Onun için bu belde, Türk coğrafyası bütünüyle tasarruf altına
alınmadıktan sonra zannetmeyin ki bu hadiseler durulacaktır.
Kesinlikle durulması mümkün değildir. Lübnan eski Başbakanı niye
öldürüldü? Şu anda oynanmakta olan çok enteresan da bir oyun var.
Bu oyun nedir? İncirlik üssü zaten ABD’nin tasarrufunda ama öyle
bir isteniyor ki hiç bir şeyine karışmayacaksınız, her türlü
hareket kabiliyetine sahip olacak ve sorumlu olmayacak, böyle bir
düşünce ile İncirlik bizden isteniyor. Ben bu olayı tabir–i caizse
1. Cihan Savaşında Osmanlının savaşın içine girmesine biraz da
benzetiyorum. Mesela Lübnan eski başbakanının vurulması ile
Ortadoğu’nun getirilmek istendiği nokta tıpkı şuna benziyor. ABD o
bölgeye inebilmek için bir terör bahanesi ortaya koymuştur.
Birincisinde 11 Eylül’de Usame bin Ladin’in uçakları geliyor, ikiz
kuleleri yıkıyor. Bu, o kadar büyük bir tiyatro ki bu derece güçlü
Usame bin Ladin, gider, Beyazsaray’ı vurur. Kalkıp da niye ikiz
kuleyi vursun ki. Askeri gücünün olduğu merkezi bizzat vurur, yok
eder. Bu derece istihbarata, hareket kabiliyetine sahip adam bunu
yapar. Dünya da rahata kavuşur. Böyle bir şey olmadığına göre demek
ki bunlar kendi içlerinde bir bahane ile harekete geçtiler, bu
olayları organize ettiler. Bu gerekçeyle Afganistan’da Usame bin
Ladin arandı. Geldi, belli merkezler tutuldu. Peki Ladin nerede?
Madem onun için geldin, niye bu adamı bulmuyorsun? Kısaca mesele
tam bir tiyatro. Bunu, bizi takip eden kardeşlerimizin iyi görmesi
lazım. Lübnan’ın geçmişteki başbakanının bir suikaste kurban
gitmesi de böyle. Suriye’ye saldıracak. “Bunu sen yaptın” diyor.

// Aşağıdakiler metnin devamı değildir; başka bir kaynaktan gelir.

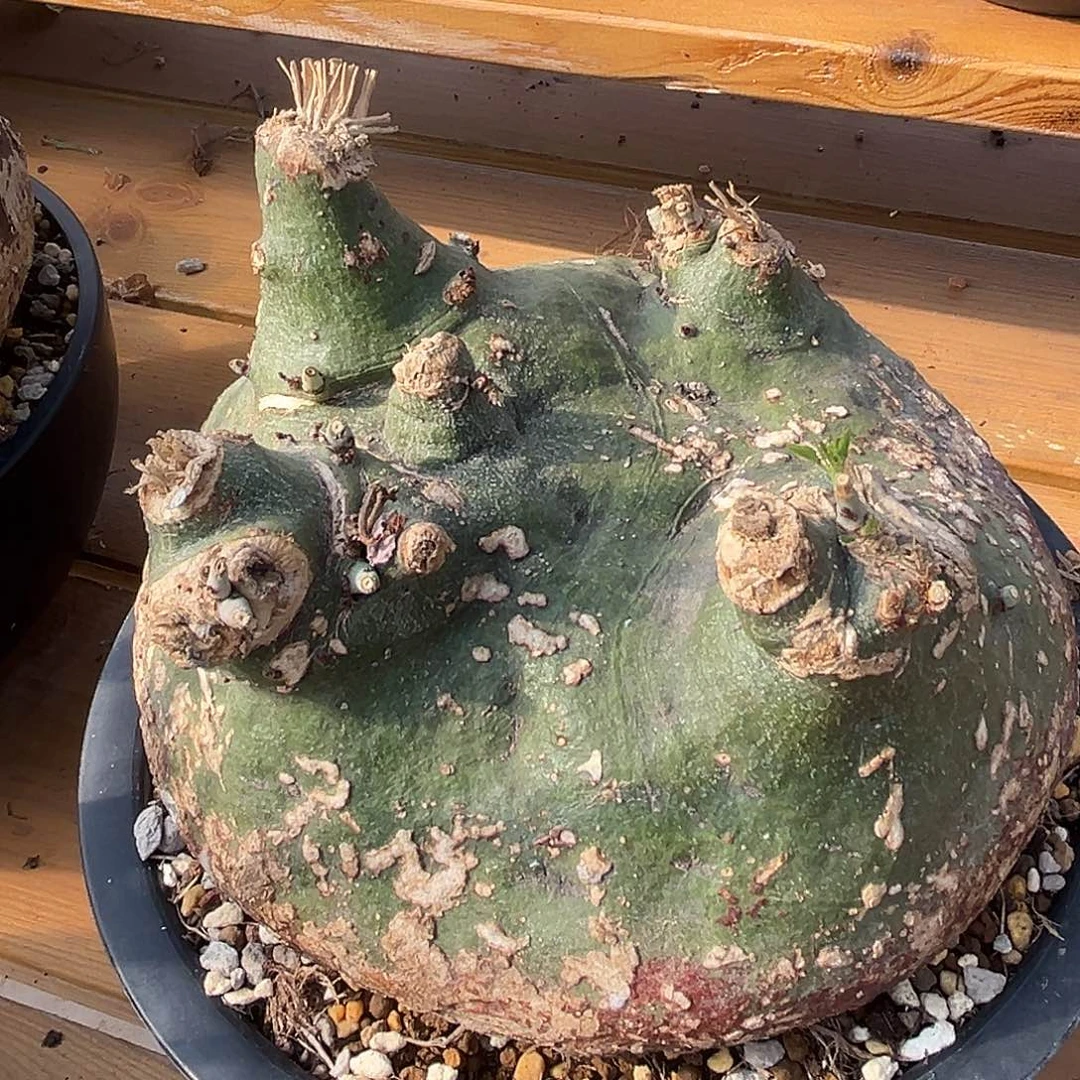 汤圆植物刺线蔓好看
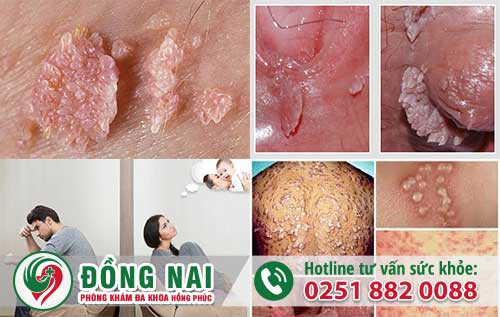 da khoa hong phuc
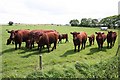 Lincoln Reds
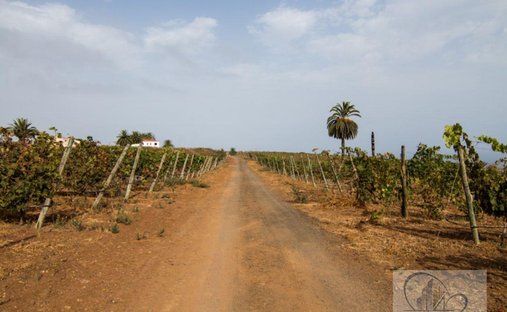 Finca in La Quinta, Isole Canarie, Spagna 1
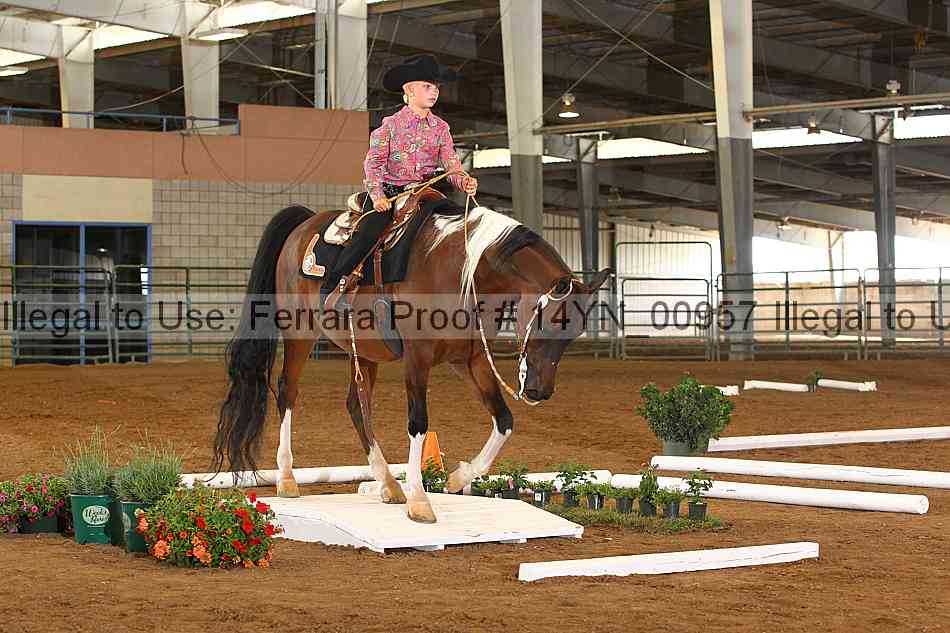 Proof 14yn_00957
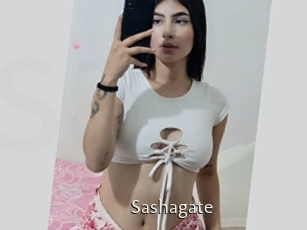 Sashagate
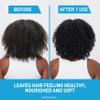 CeraVe 2 In 1 Hydrating Anti Dandruff Shampoo And Conditioner Twin Pack, 1% Pyrithione Zinc Dandruff Treatment Helps Eliminate Dandruff, Color Safe & Sulfate Free, 12 Fl Oz Each (Set of 2) view 4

Kısaca bu terör bahanesi mantığı ile işin içine girdiğin zaman bu
işi bizzat iddia edenlerin yaptığı ortaya çıkıyor. Suriye’nin işi
bitmiş bir başbakanla uğraşma lüksü de, fantazisi de olamaz. Çünkü
adam zaten kendi derdine düşmüş. Türkiye’ye İncirlik oyunu Burada
asıl oyun Türkiye üzerine oynanıyor. Buradan gerek İran’a gerek
Suriye’ye bir savaş ilan etmesi zor belki de imkansızdır. Çünkü
Irak’a girdi. Halini görüyoruz. Öyle bir manzara ile karşı karşıya
ki her gün bin tane musibetle içiçe yaşıyor. Her gün askeri ölüyor.
Bunun ancak onda biri basına intikal ediyor. Böyle bir manzarada,
henüz daha Irak’ı kendi bakımından teminat altına alamayan ABD’nin
Suriye, İran gibi devletlerin üzerine gitmesi hiç mümkün değil.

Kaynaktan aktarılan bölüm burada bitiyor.